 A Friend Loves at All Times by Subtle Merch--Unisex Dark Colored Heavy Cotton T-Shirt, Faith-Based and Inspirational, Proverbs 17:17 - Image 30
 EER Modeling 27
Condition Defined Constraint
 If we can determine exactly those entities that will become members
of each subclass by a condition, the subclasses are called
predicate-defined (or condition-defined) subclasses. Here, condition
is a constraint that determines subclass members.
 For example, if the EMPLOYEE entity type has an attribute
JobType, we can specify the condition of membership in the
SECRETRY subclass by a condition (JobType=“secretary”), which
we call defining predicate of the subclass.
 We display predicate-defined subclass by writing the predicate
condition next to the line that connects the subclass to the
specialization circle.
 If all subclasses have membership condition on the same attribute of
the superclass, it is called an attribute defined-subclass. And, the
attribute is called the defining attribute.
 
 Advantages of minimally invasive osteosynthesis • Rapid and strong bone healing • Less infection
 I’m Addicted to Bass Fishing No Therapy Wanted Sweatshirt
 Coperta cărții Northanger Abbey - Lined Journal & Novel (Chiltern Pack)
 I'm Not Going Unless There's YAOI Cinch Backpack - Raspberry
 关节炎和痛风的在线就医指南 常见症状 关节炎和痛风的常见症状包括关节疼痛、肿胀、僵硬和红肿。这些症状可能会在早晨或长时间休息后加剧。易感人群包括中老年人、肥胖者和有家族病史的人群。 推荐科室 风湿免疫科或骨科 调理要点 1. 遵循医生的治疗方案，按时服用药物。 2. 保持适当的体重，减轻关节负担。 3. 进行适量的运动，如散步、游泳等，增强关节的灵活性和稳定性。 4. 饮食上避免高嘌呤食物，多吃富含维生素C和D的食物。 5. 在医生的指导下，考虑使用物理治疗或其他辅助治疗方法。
________________
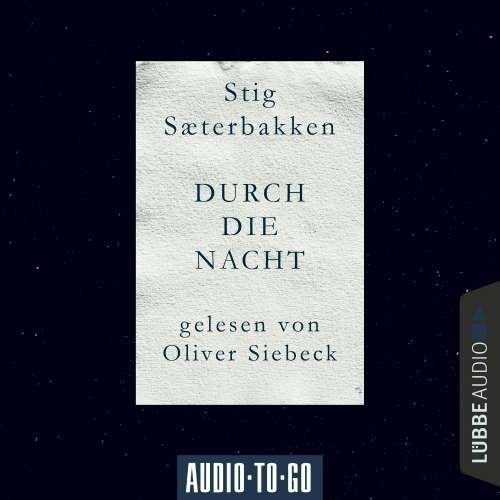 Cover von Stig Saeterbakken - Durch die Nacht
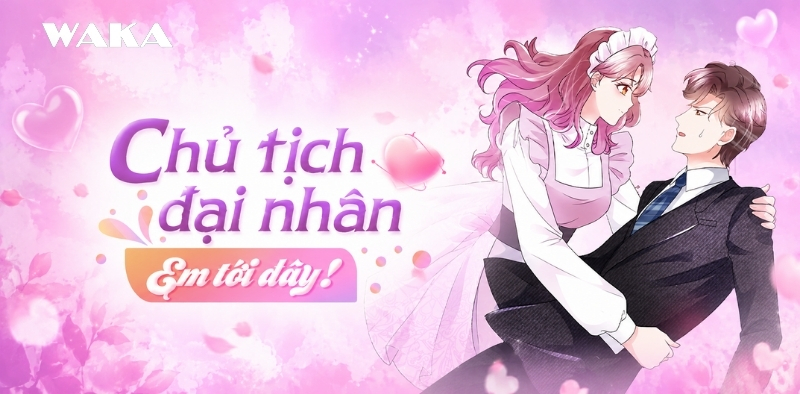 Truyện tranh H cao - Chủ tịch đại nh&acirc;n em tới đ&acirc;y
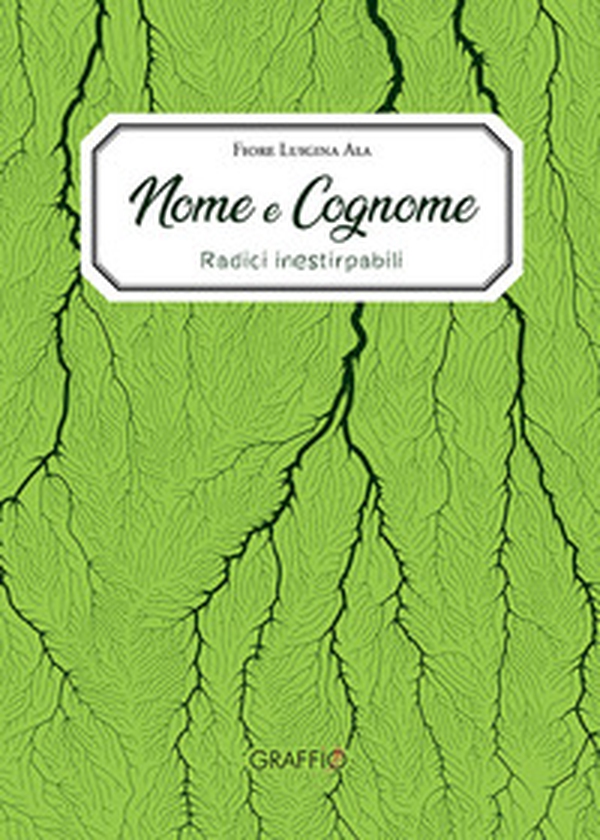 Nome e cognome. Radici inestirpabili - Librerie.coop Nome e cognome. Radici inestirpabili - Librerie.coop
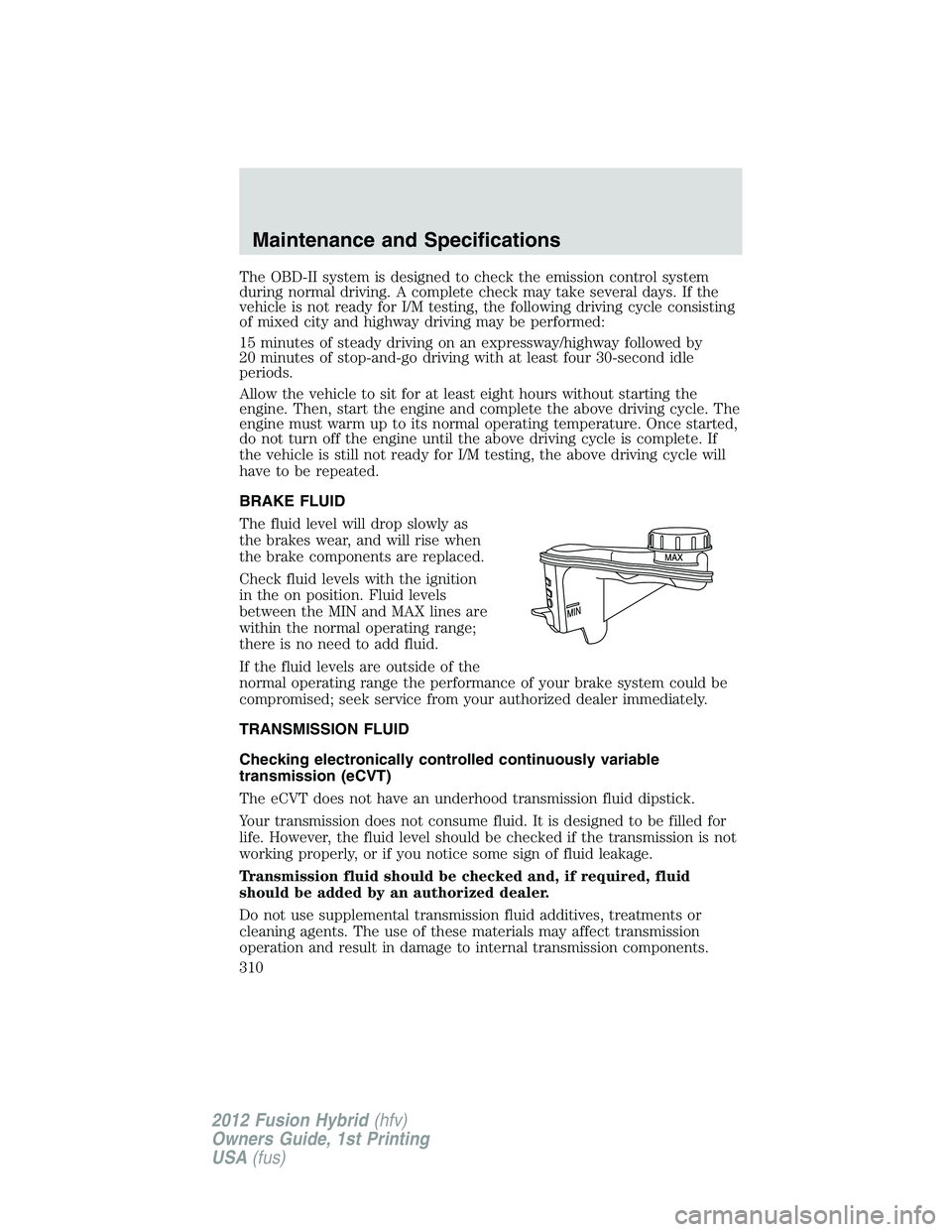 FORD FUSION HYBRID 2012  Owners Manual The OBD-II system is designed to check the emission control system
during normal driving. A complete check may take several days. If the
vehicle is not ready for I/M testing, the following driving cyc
________________
## Work request
Since only a number is wanted, please say how many lines in the data include the word "that".

## Answer box
3